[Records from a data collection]
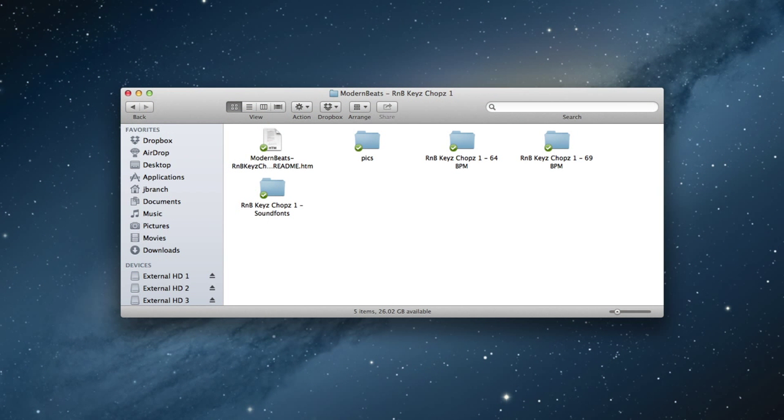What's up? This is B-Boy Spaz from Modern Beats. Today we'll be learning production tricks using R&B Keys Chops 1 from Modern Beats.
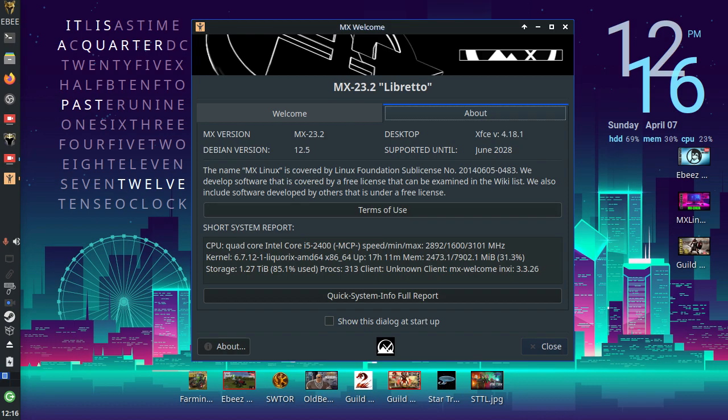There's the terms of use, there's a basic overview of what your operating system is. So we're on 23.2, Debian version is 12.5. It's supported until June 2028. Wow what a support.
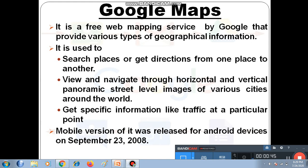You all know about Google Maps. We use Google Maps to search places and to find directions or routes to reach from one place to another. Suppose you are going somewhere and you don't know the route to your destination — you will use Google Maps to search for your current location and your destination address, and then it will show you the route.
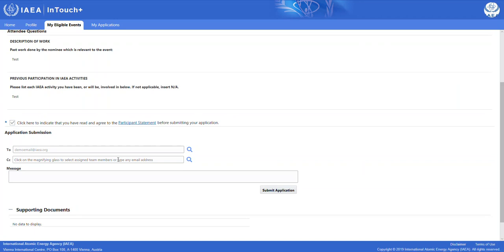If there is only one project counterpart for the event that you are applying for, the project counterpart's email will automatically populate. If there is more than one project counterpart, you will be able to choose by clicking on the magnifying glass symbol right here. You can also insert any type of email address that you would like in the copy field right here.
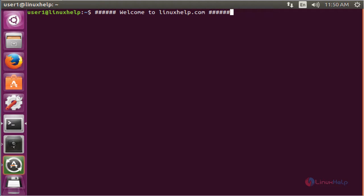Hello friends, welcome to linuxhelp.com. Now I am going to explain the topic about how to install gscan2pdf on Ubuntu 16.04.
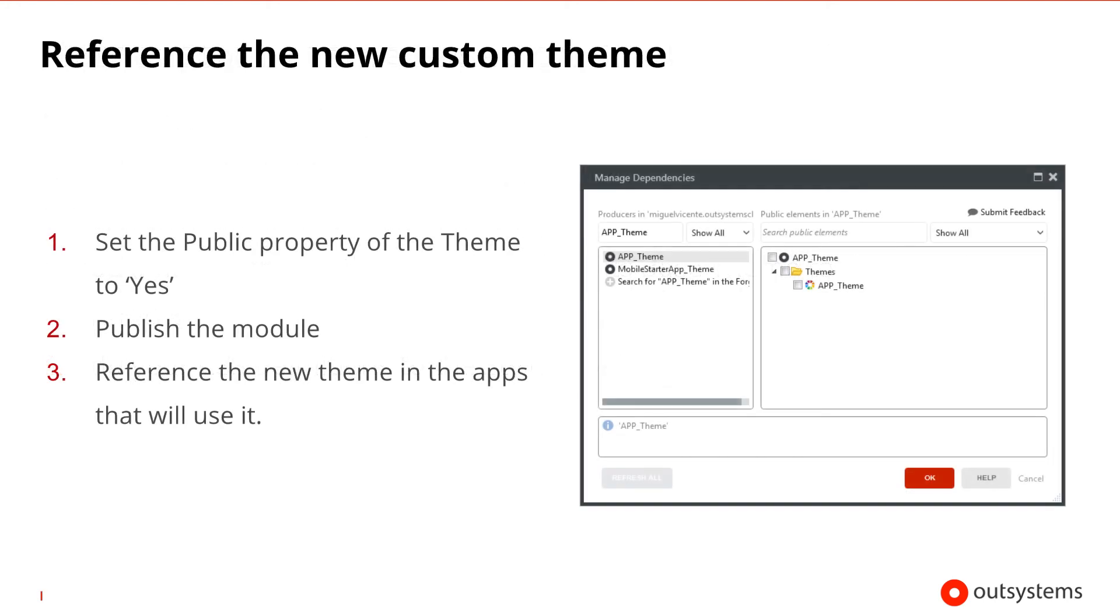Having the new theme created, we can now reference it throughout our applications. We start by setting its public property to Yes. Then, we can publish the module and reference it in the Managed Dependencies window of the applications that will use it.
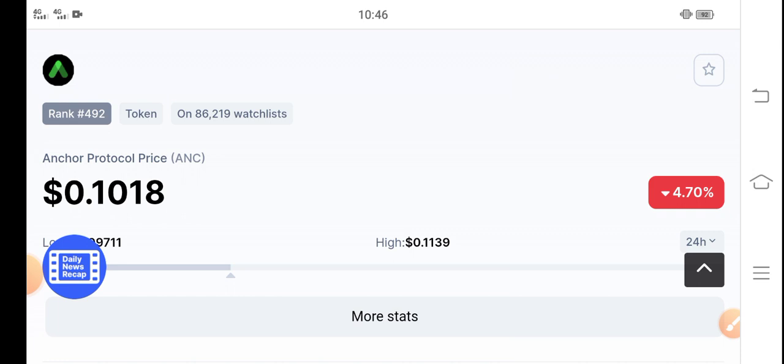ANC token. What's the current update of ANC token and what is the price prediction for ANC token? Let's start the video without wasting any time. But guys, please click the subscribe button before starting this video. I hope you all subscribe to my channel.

* * *

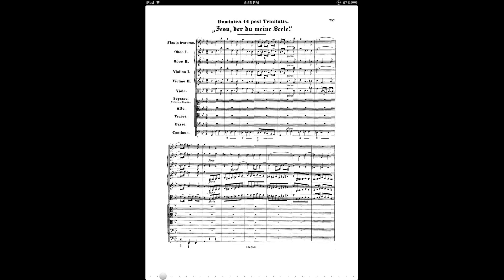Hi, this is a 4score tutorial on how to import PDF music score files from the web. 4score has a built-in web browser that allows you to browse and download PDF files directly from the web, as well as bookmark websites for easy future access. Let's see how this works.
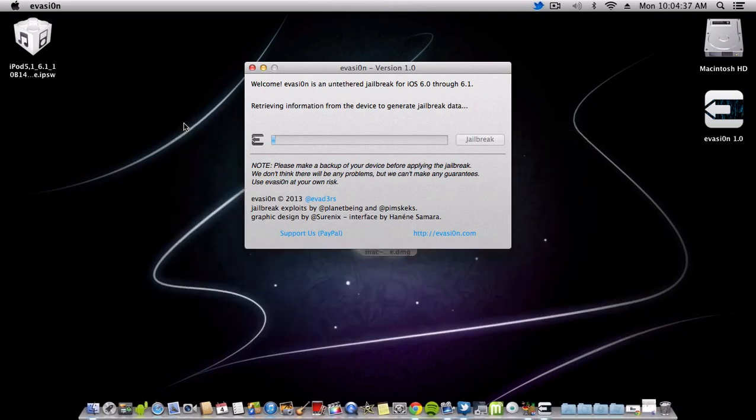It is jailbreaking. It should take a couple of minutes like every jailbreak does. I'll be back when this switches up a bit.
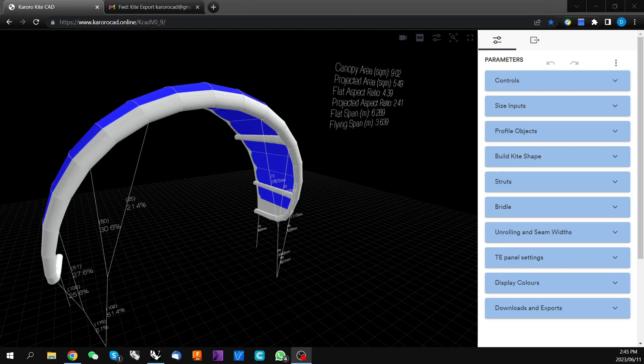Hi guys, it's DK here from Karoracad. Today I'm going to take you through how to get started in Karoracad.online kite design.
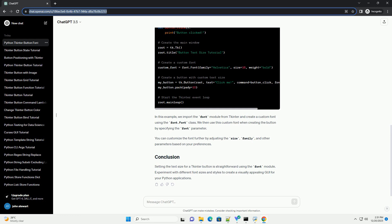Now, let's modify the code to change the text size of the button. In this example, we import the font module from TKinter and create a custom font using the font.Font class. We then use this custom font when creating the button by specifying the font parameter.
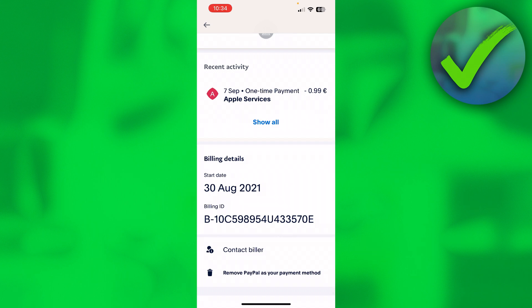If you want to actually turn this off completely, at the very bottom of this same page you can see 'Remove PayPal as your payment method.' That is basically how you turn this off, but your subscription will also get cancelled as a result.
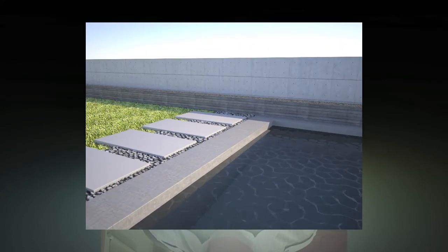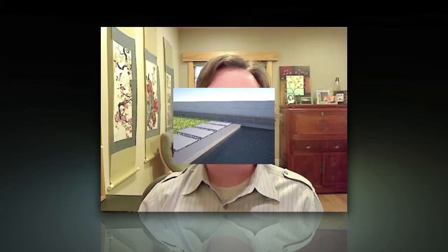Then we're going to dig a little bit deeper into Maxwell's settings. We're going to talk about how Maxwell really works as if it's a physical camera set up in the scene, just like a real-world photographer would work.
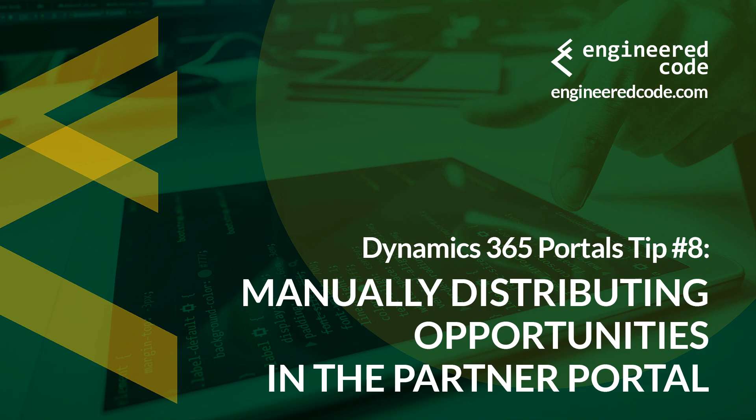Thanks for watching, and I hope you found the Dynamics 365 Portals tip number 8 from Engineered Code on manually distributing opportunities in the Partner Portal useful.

| Activity |
The reply should hold exactly the lines above, starting at the line with "If there is only" and ending at the line with "Hello friends, welcome", and no pictures.

| Answer space |
If there is only one project counterpart for the event that you are applying for, the project counterpart's email will automatically populate. If there is more than one project counterpart, you will be able to choose by clicking on the magnifying glass symbol right here. You can also insert any type of email address that you would like in the copy field right here.
Hello friends, welcome to linuxhelp.com. Now I am going to explain the topic about how to install gscan2pdf on Ubuntu 16.04.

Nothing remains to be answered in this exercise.